I removed the brake pad from piston side and moved the E-arm 3/8 to 7/16" dozens of times and no piston advancement, moved out but right back in when arm was released .
Moved the arm a full stroke 1 -1.5" and piston did advance. Whats this mean ? I wish I knew . Still can't understand the lack of stopping power when stepping on the brakes, only .015" gap between pad and rotor when brakes are off/at rest.
Does one side of the Master cyl.affect the other, I've been trying to work just one side of the cyl. so the front doesn't give me false high hard pedal. mumm ?
Yes it does-thats why oem setups have that combo valve thingie-dingie-------and your pad probably isn't setting on the piston at the .015 -------piston is retracted into the housing
You might want to look at rear brake package Ford Motorsports sells for rear disc around $300 complete just like what is on Explorer rears------
As I said earlier, I have the Explorer brake setup on my 46. Brakes work fine and the parking/emergency brake will hold the car in gear (NSRA Safety 23 test).
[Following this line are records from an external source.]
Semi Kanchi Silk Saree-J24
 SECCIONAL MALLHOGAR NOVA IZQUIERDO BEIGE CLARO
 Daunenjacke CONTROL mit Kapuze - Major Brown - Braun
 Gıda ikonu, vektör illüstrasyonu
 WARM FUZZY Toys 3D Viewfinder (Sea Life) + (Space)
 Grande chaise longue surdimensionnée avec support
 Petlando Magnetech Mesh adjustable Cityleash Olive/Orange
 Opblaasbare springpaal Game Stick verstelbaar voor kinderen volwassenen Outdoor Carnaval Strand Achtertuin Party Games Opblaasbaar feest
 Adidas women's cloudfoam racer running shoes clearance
Navy, a little confusing here, you said no piston advancement but then it moved out and back in? Just trying to figure out if its "#2 - The sprag will seize on the inside of the piston and will never work again" or what. I still say swap a front & rear caliper which would check your master cylinder as well as valving, about 15-20 minutes should tell something then. Just really curious at this point.
Just curious, have you talked to the manufacturer?
I thought that might be confusing. When the e-brake is applied it pushes the piston out but retracts without adjusting the brake when released. The sprag seems to only work with a full throw of the e-arm on the caliper, that can only happen when the caliper is off the rotor or a pad is removed.
navy------don't you have a quick change rear end in that car??? Those brakes are for c clip type axles only and your q change isn't that type rear- the clip axles can move in or out a little so calipers can squeese disc evenly-with your set up they can't do that
Roger--those type calipers were designed for rear ends that happened to have "C Clip " axle retainers. Those axles could move in and out a slight amount. Brake calipers are critical to mounting and rotor thickness. It amounts to a stacking of the tolerances. If a floating caliper(only hydraulicly pushes from one side to squeese the rotor) isn't mounted on an rear end that has the correct axle flange to housing deminsion, designed spec thickness of rotor and/or pads, it will not function as designed. Add in an function like a parking brake that mechanically is applied vs the hydraulic function and is adjusted with a sprag ratcheting device that might not be installed correctly---like reversed sides of vehicle, upside down, backwards, etc-----
Remember that back in the 60s when self adjusting brakes came out that they were adjusted when brakes were applied while backing up. That line of engineering was applied to the early rear disk brake vehicles ( not necessarily the reverse thingie but the application of the parking brake EVERY time you parked was an element of the design/thinking.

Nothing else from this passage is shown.